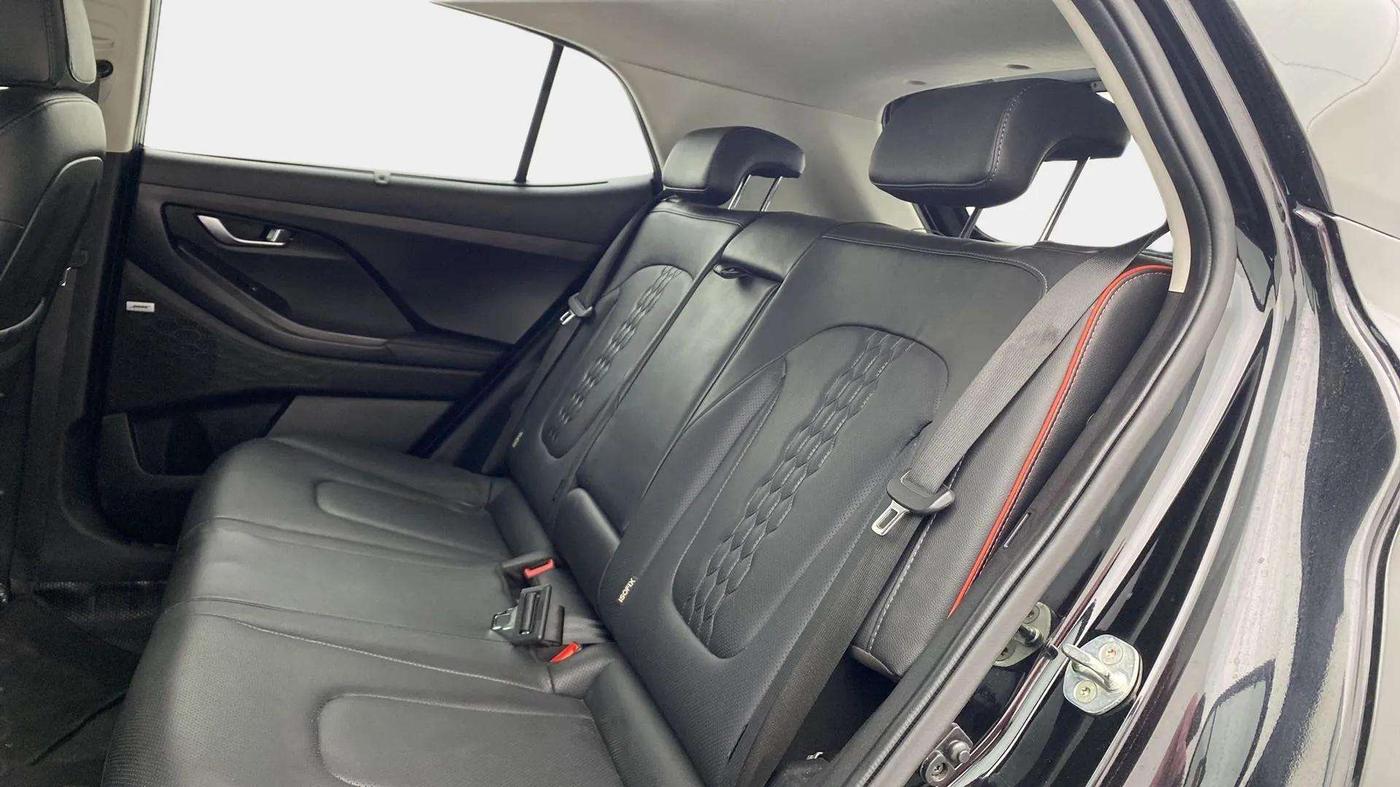 2022 Hyundai Creta SX (O) IVT KNIGHT 1.5 PETROL, Petrol, Automatic, 40,754 km, Right Side Rear Door Cabin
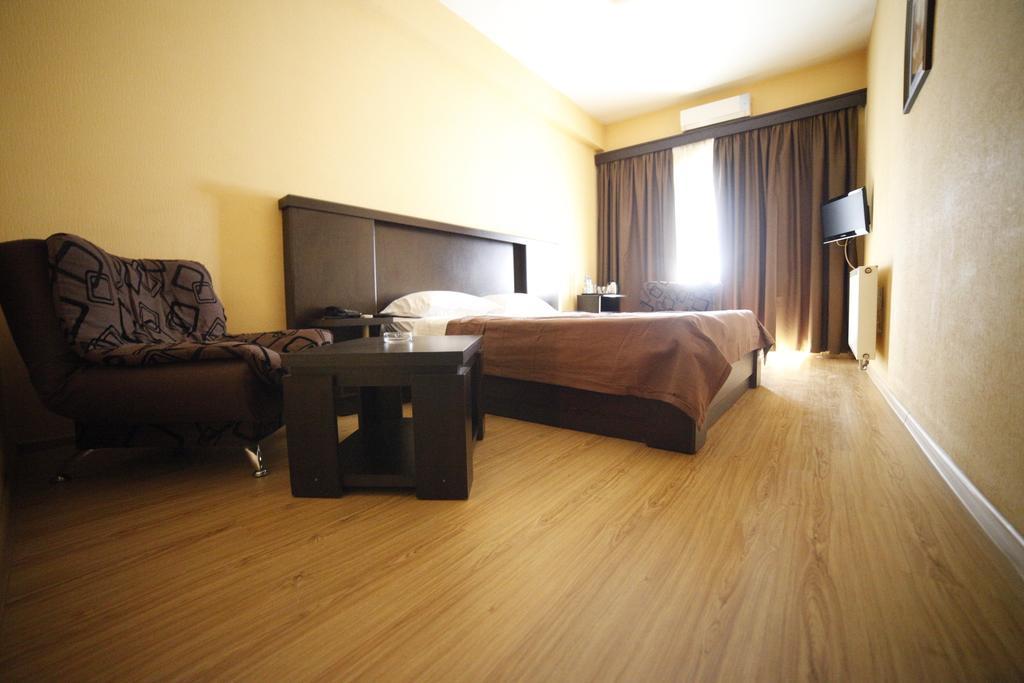 Avenue Hotel Тбілісі Номер фото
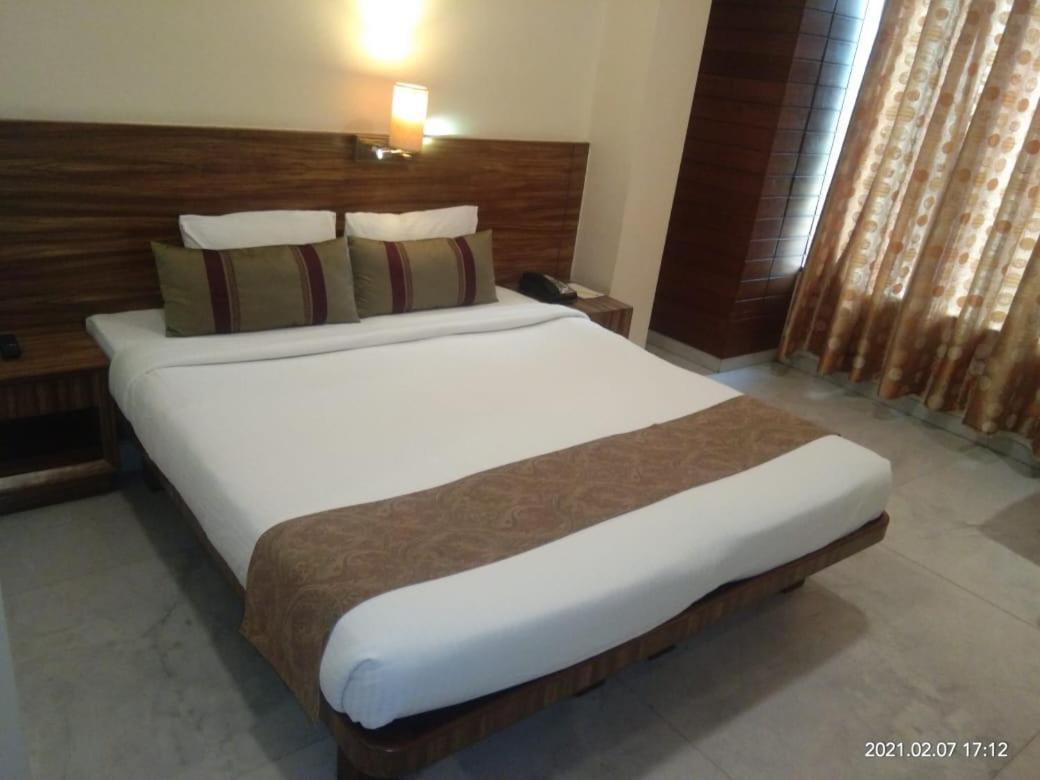 Hotel Jewel Of Chembur Mumbai Bagian luar foto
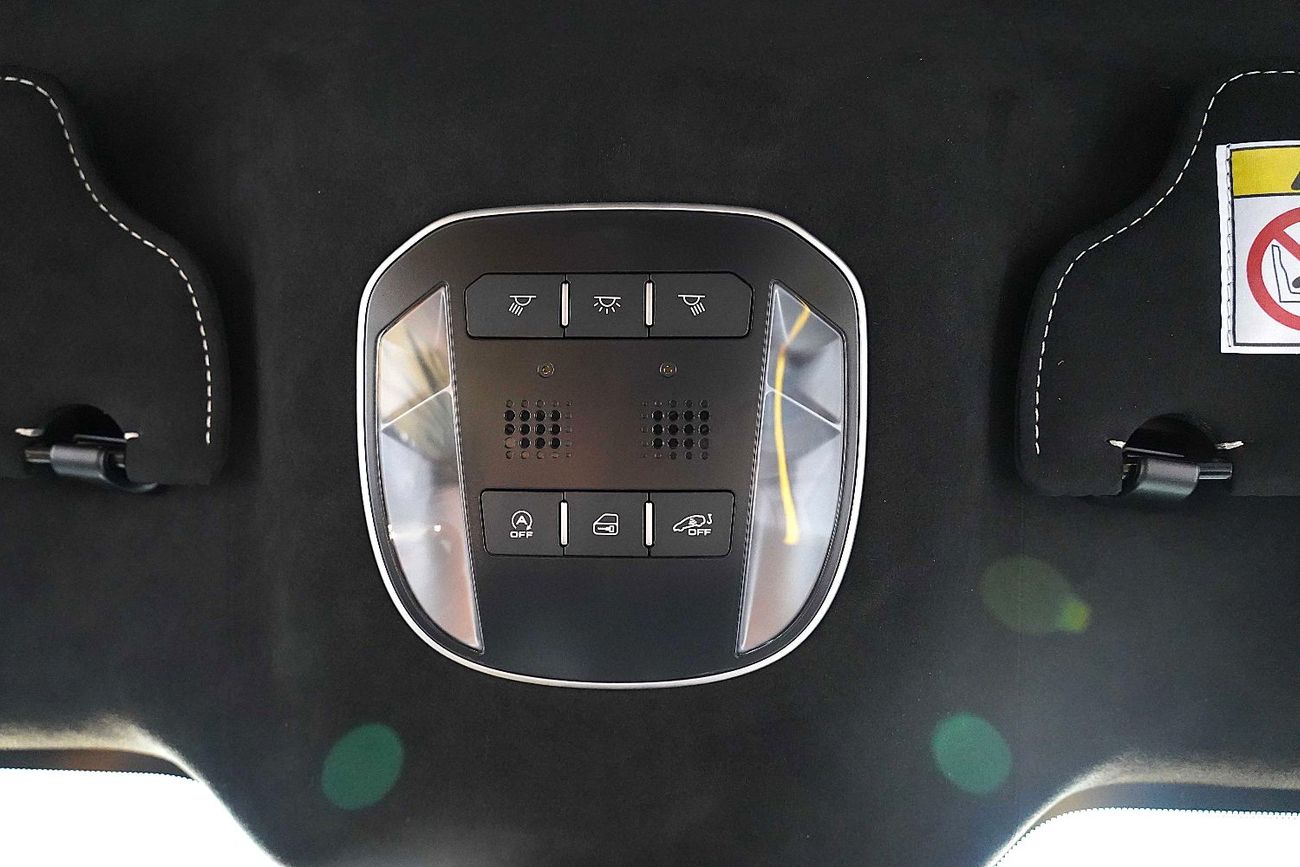 Ferrari-Onyx 812 SUPERFAST | NEGOTIABLE PRICE | 8XX | 1 OF 5 | 2022 | 865 HP | 3-YEAR WARRANTY AND SERVICE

Work item |
Leaving every picture out, output the data exactly as it stands.

Result of the task |
 2022 Hyundai Creta SX (O) IVT KNIGHT 1.5 PETROL, Petrol, Automatic, 40,754 km, Right Side Rear Door Cabin
 Avenue Hotel Тбілісі Номер фото
 Hotel Jewel Of Chembur Mumbai Bagian luar foto
 Ferrari-Onyx 812 SUPERFAST | NEGOTIABLE PRICE | 8XX | 1 OF 5 | 2022 | 865 HP | 3-YEAR WARRANTY AND SERVICE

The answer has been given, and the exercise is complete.